I'm writing some audio code where basically everything is a tiny loop. Branch prediction failures as I understand them is a big enough performance issue that I struggle to keep the code branch free. But there is only so far that can take me, which got me wondering about the different kinds of branching.

In c++, the conditional branch to fixed target:

int cond_fixed(bool p) {
    if (p) return 10;
    return 20;
}

And (if I understand this question correctly), the unconditional branch to variable target:

struct base {
    virtual int foo() = 0;
};

struct a : public base {
    int foo() { return 10; }
};

struct b : public base {
    int foo() { return 20; }
};

int uncond_var(base* p) {
    return p->foo();
}

Are there performance differences? It seems to me that if one of the two methods were obviously faster than the other, the compiler would simply transform the code to match.

For those cases where branch prediction is of very high importance, what details regarding performance are useful to know?

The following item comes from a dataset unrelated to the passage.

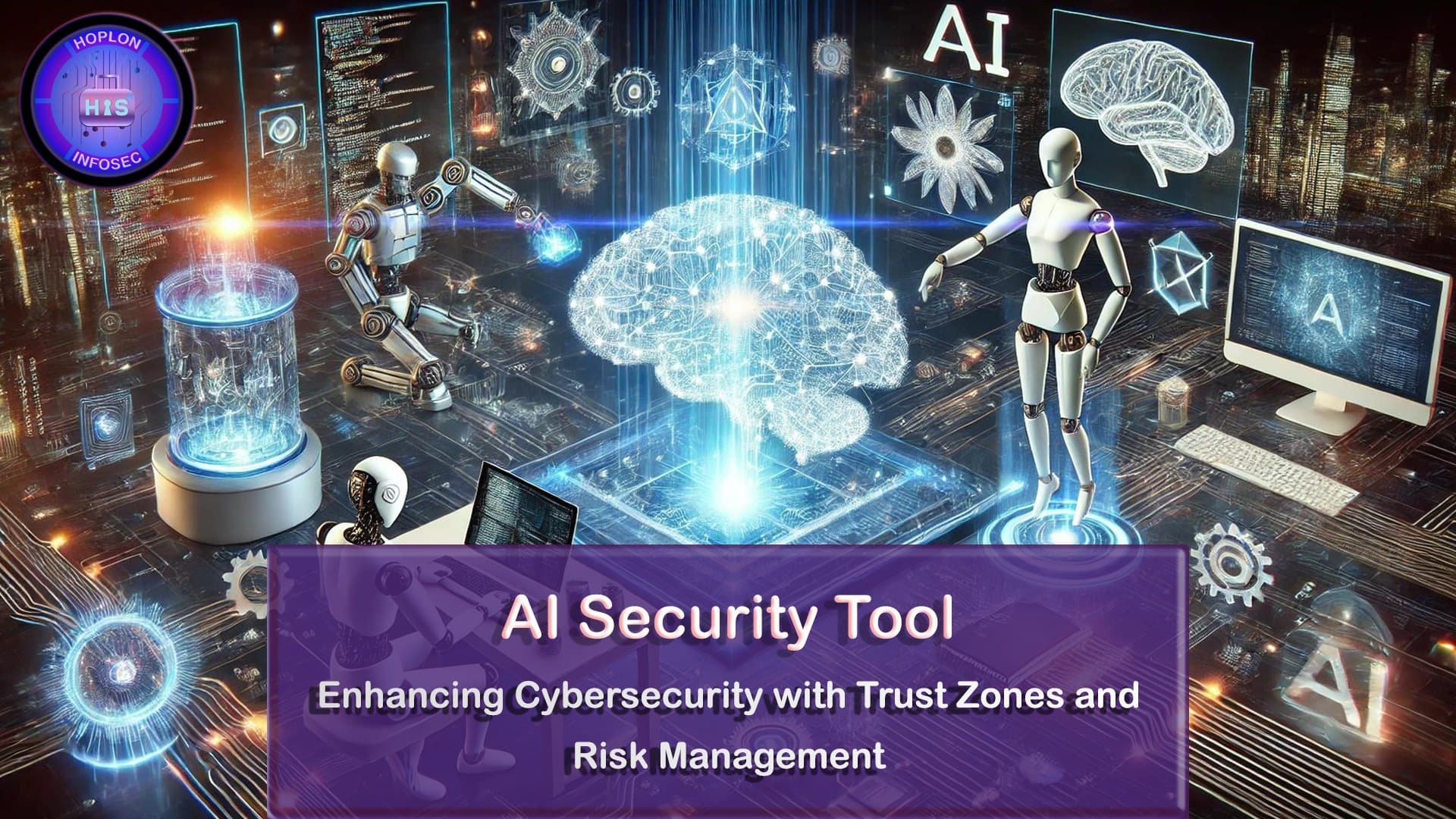 AI Security Tool: Enhancing Cybersecurity with Trust Zones and Risk Management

EDIT: The actual operation of x : 10 ? 20 is merely a place holder. The actual operation following the branch is at least complex enough that doing both is inefficient. Additionally, if I had enough information to sensibly use __builtin_expect, branch prediction would be a non-issue in this case.

2
Which CPU ? Which compiler ? Did you check out the assembly to know which of the two strategies was picked ?Matthieu M.
Note: the compiler cannot transform the latter uncond_var because it does not know the complete set of possible derived classes of base. In general closed problems (finite number of possible inputs) are easier to solve than open ones.Matthieu M.
@MatthieuM. Compiler GCC, CPU anything from desktop to smartphones, though a modern desktop CPU is my current concern. Also, it seems odd to me that the compiler doesn't know all possible derived classes of base. It has all the source code, so this information exists. And no, I am not familiar enough with assembly to feel productive diving into such details. That's why I turn to this site, to hopefully get a higher level understanding from someone that knows such details.porgarmingduod
Regarding the CPU: some CPUs may not have predictors (or maybe only one kind); so the question is not meaningful for all CPUs. Desktop CPUs (x86/x86_64) should have both. Regarding the knowledge available to the compiler: in theory it could, in practice this information is only available if you look at the whole program at once. The compiler front-end (language aware) will not look at the whole program at once, and the optimizer (middle of the chain) might if you specify LTO (Link Time Optimization) or compile a static executable... but knows nothing about classes. Consider it will not happen.Matthieu M.

2 Answers

4
votes

Side note: if you have a code like

if (p) a = 20; else a = 10;

then there isn't any branch. The compiler is using a conditional move (see: Why is a conditional move not vulnerable for Branch Prediction Failure?)

1
votes

You didn't mention your compiler. I once used GCC for a performance critical application (a contest at my university actually) and I remember that GCC has the __builtin_expect macro. I went through all the conditions in my code and ended up with 5-10% speedup, which I found to be amazing, given the fact that I payed attention to pretty much everything I knew (memory-layout etc.) and that I didn't change anything regarding the algorithm itself.

The algorithm was a pretty basic depth-search by the way. And I ran it on a Core 2 Duo, not sure which ones though.